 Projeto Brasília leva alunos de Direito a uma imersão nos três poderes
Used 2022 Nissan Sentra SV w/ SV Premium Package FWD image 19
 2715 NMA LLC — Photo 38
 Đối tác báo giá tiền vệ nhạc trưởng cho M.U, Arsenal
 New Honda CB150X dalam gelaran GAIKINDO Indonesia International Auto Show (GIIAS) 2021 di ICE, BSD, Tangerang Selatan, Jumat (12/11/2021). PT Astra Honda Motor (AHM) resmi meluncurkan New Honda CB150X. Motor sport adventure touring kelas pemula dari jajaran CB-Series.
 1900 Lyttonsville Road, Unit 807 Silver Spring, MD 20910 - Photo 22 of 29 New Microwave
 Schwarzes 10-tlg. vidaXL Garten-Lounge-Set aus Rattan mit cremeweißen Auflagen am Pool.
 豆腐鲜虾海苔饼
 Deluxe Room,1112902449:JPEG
□ □ □ □ □
**Exercise:**
Give back exactly the lines of the listing, starting with the first and ending with the one bearing "Đối tác báo". Add no other lines.

**Solution for this task:**
 Projeto Brasília leva alunos de Direito a uma imersão nos três poderes
Used 2022 Nissan Sentra SV w/ SV Premium Package FWD image 19
 2715 NMA LLC — Photo 38
 Đối tác báo giá tiền vệ nhạc trưởng cho M.U, Arsenal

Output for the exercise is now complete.